In a voice more powerful and compassionate than ever before, New York Times bestselling author Elizabeth Strout binds together thirteen rich, luminous narratives into a book with the heft of a novel, through the presence of one larger-than-life, unforgettable character: Olive Kitteridge.

At the edge of the continent, Crosby, Maine, may seem like nowhere, but seen through this brilliant writer’s eyes, it’s in essence the whole world, and the lives that are lived there are filled with all of the grand human drama–desire, despair, jealousy, hope, and love.

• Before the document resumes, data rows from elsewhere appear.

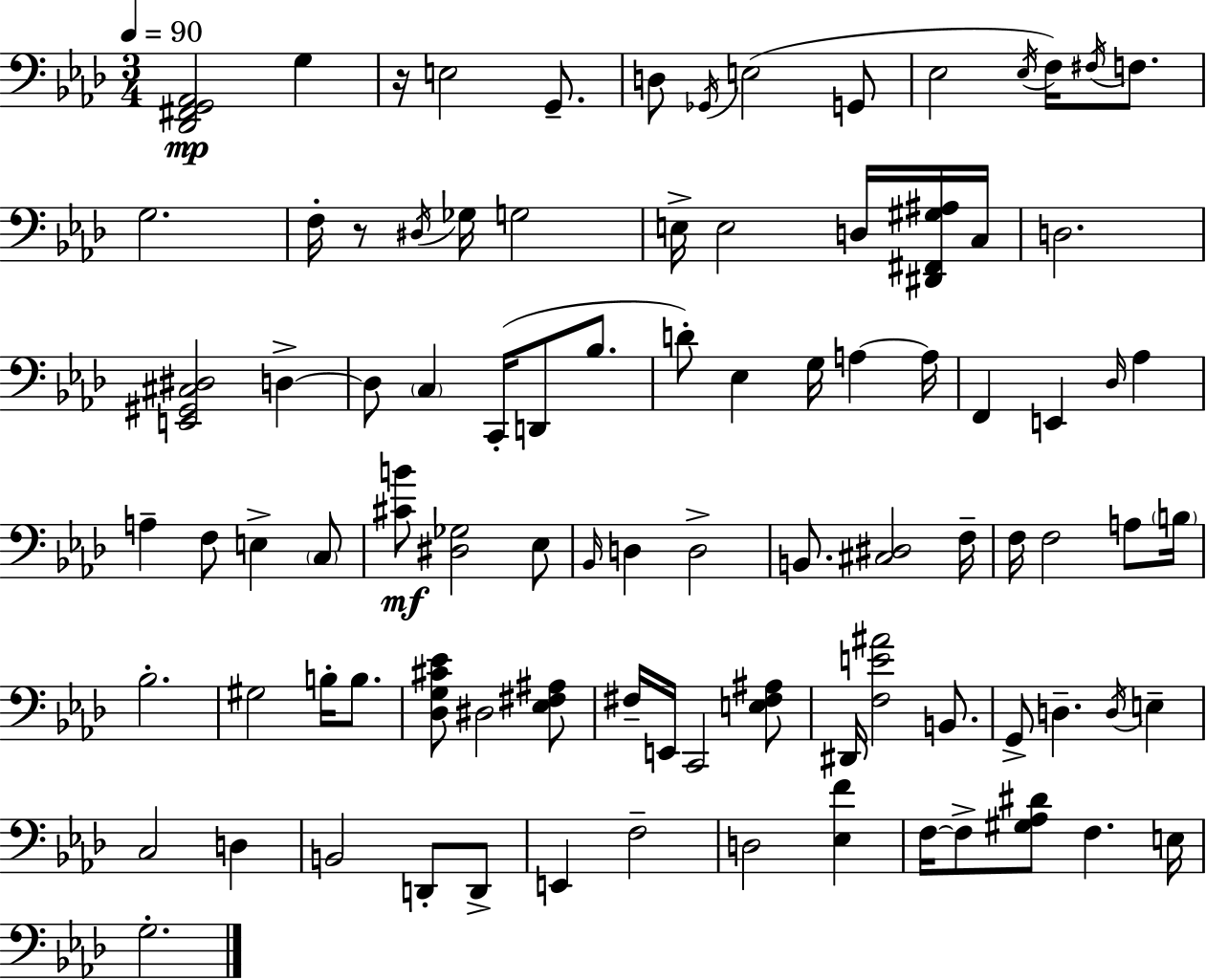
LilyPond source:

{
  \clef bass
  \numericTimeSignature
  \time 3/4
  \key aes \major
  \tempo 4 = 90
  \repeat volta 2 { <des, fis, g, aes,>2\mp g4 | r16 e2 g,8.-- | d8 \acciaccatura { ges,16 } e2( g,8 | ees2 \acciaccatura { ees16 }) f16 \acciaccatura { fis16 } | \break f8. g2. | f16-. r8 \acciaccatura { dis16 } ges16 g2 | e16-> e2 | d16 <dis, fis, gis ais>16 c16 d2. | \break <e, gis, cis dis>2 | d4->~~ d8 \parenthesize c4 c,16-.( d,8 | bes8. d'8-.) ees4 g16 a4~~ | a16 f,4 e,4 | \break \grace { des16 } aes4 a4-- f8 e4-> | \parenthesize c8 <cis' b'>8\mf <dis ges>2 | ees8 \grace { bes,16 } d4 d2-> | b,8. <cis dis>2 | \break f16-- f16 f2 | a8 \parenthesize b16 bes2.-. | gis2 | b16-. b8. <des g cis' ees'>8 dis2 | \break <ees fis ais>8 fis16-- e,16 c,2 | <e fis ais>8 dis,16 <f e' ais'>2 | b,8. g,8-> d4.-- | \acciaccatura { d16 } e4-- c2 | \break d4 b,2 | d,8-. d,8-> e,4 f2-- | d2 | <ees f'>4 f16~~ f8-> <gis aes dis'>8 | \break f4. e16 g2.-. | } \bar "|."
}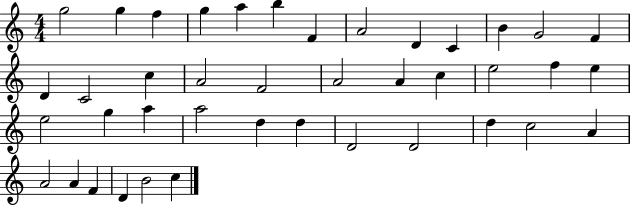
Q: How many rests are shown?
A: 0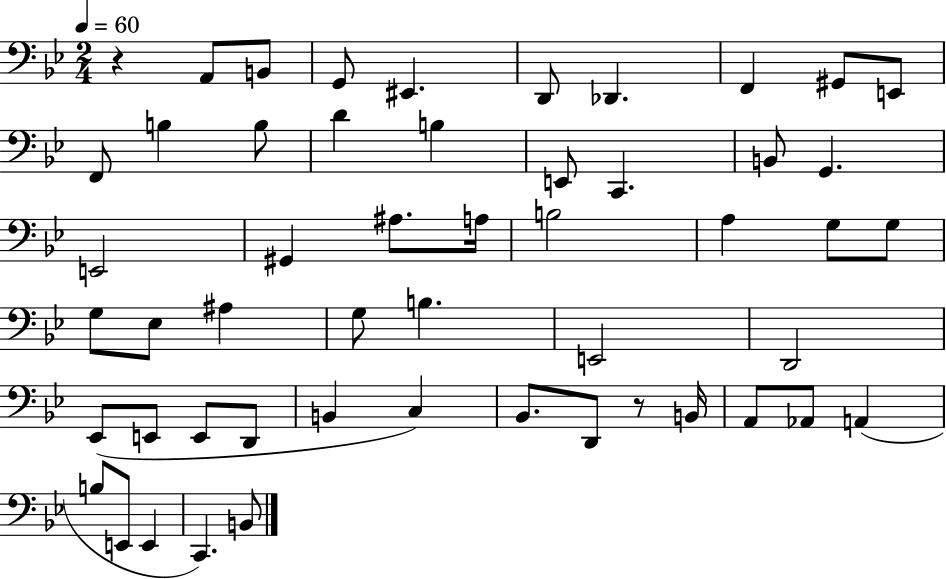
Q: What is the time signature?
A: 2/4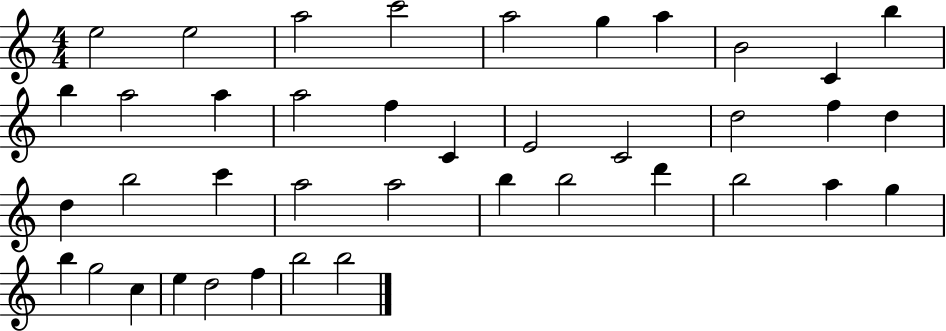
X:1
T:Untitled
M:4/4
L:1/4
K:C
e2 e2 a2 c'2 a2 g a B2 C b b a2 a a2 f C E2 C2 d2 f d d b2 c' a2 a2 b b2 d' b2 a g b g2 c e d2 f b2 b2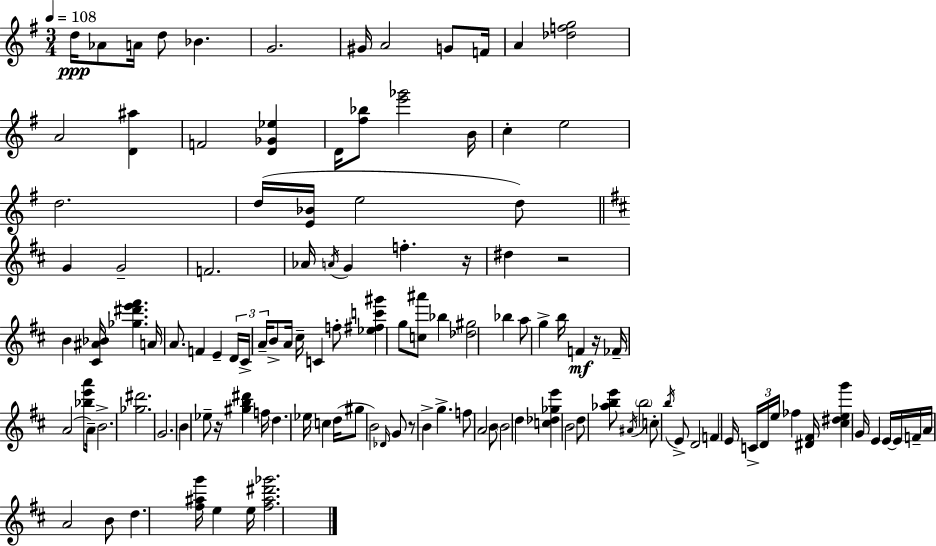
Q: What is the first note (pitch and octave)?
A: D5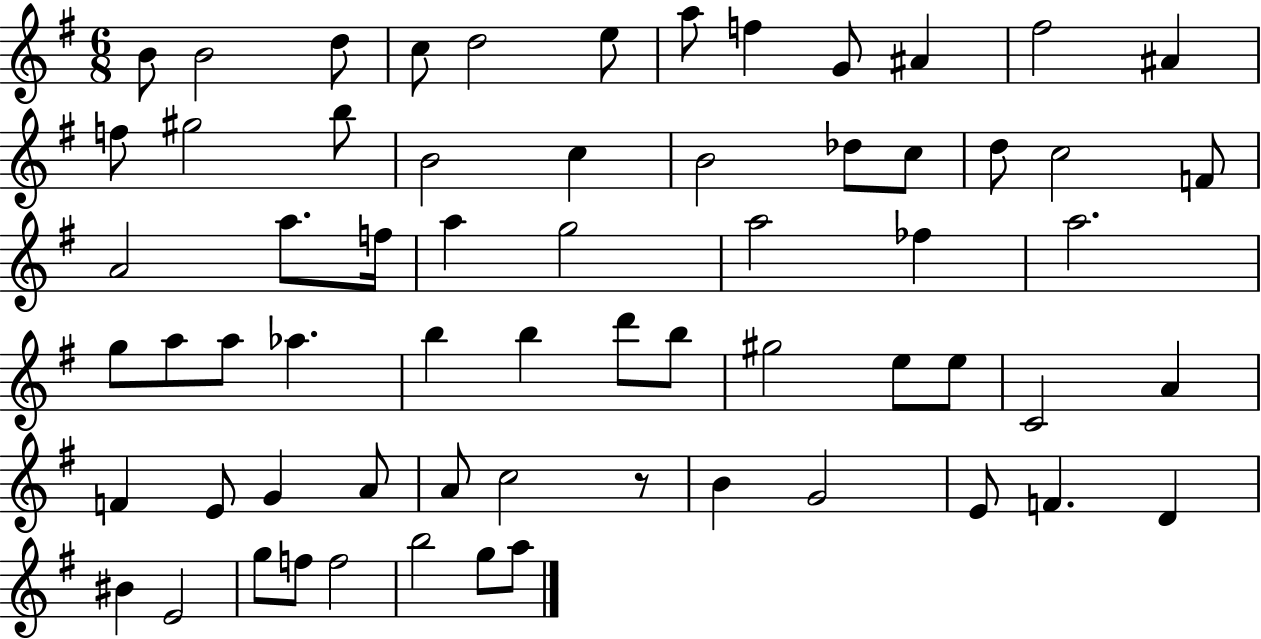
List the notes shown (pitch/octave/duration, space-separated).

B4/e B4/h D5/e C5/e D5/h E5/e A5/e F5/q G4/e A#4/q F#5/h A#4/q F5/e G#5/h B5/e B4/h C5/q B4/h Db5/e C5/e D5/e C5/h F4/e A4/h A5/e. F5/s A5/q G5/h A5/h FES5/q A5/h. G5/e A5/e A5/e Ab5/q. B5/q B5/q D6/e B5/e G#5/h E5/e E5/e C4/h A4/q F4/q E4/e G4/q A4/e A4/e C5/h R/e B4/q G4/h E4/e F4/q. D4/q BIS4/q E4/h G5/e F5/e F5/h B5/h G5/e A5/e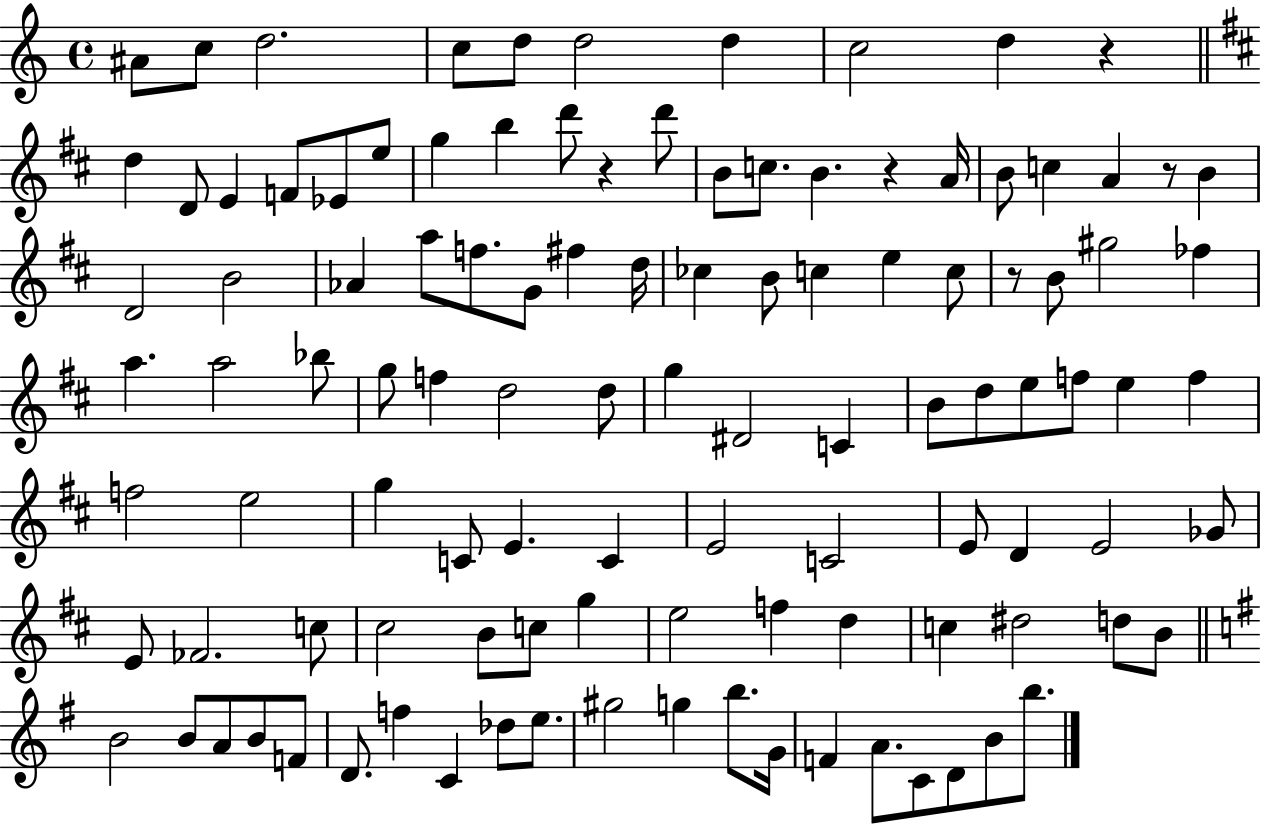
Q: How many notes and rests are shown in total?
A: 110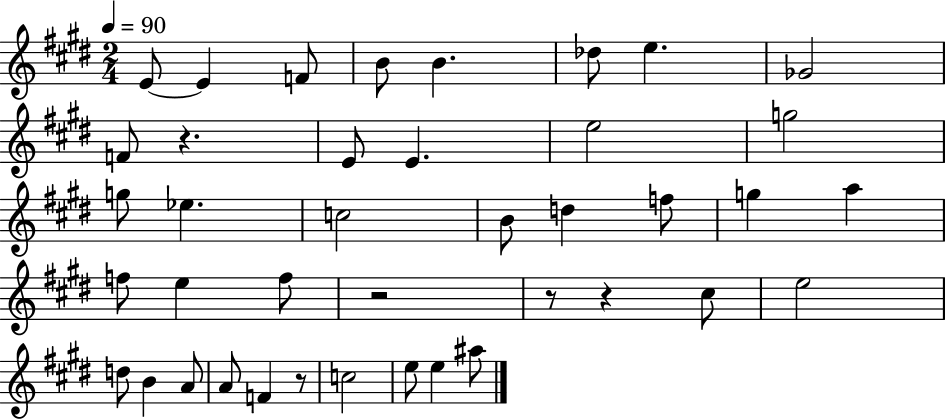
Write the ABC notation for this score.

X:1
T:Untitled
M:2/4
L:1/4
K:E
E/2 E F/2 B/2 B _d/2 e _G2 F/2 z E/2 E e2 g2 g/2 _e c2 B/2 d f/2 g a f/2 e f/2 z2 z/2 z ^c/2 e2 d/2 B A/2 A/2 F z/2 c2 e/2 e ^a/2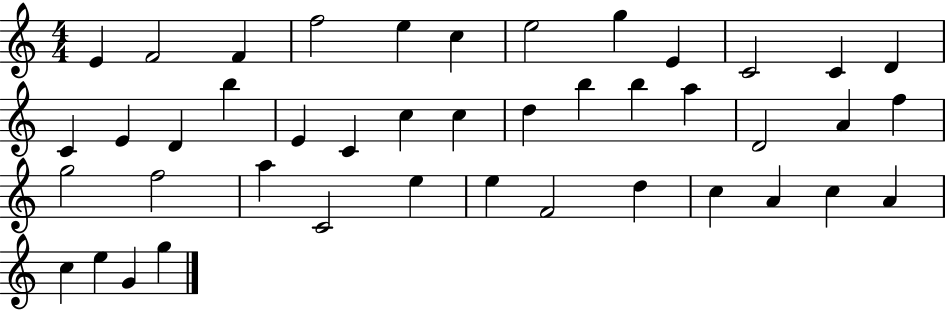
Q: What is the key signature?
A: C major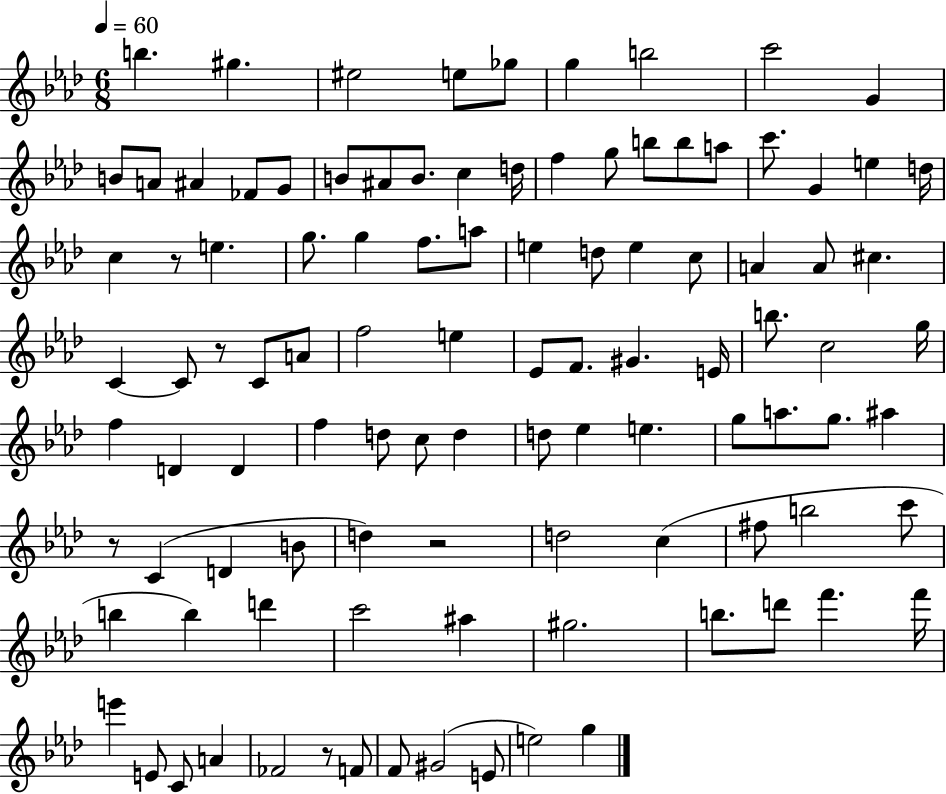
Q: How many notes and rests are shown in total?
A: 103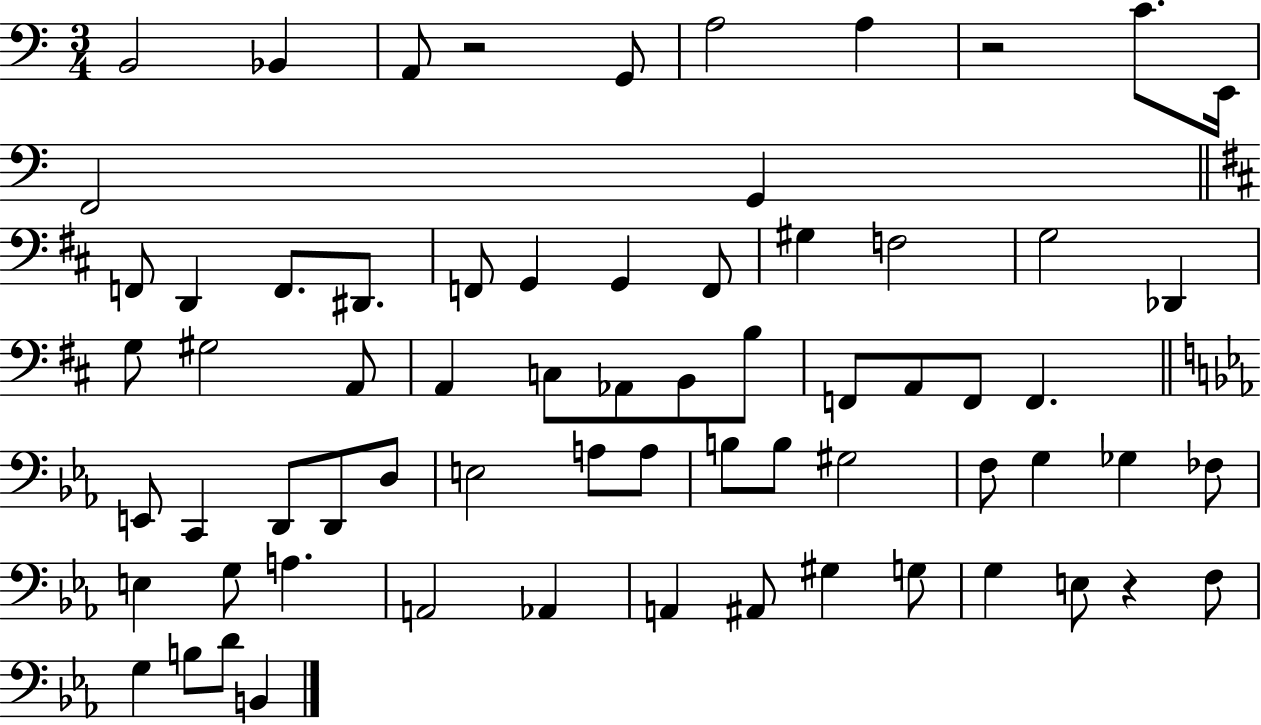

At times stern, at other times patient, at times perceptive, at other times in sad denial, Olive Kitteridge, a retired schoolteacher, deplores the changes in her little town and in the world at large, but she doesn’t always recognize the changes in those around her: a lounge musician haunted by a past romance: a former student who has lost the will to live: Olive’s own adult child, who feels tyrannized by her irrational sensitivities; and Henry, who finds his loyalty to his marriage both a blessing and a curse.

As the townspeople grapple with their problems, mild and dire, Olive is brought to a deeper understanding of herself and her life–sometimes painfully, but always with ruthless honesty. Olive Kitteridge offers profound insights into the human condition–its conflicts, its tragedies and joys, and the endurance it requires.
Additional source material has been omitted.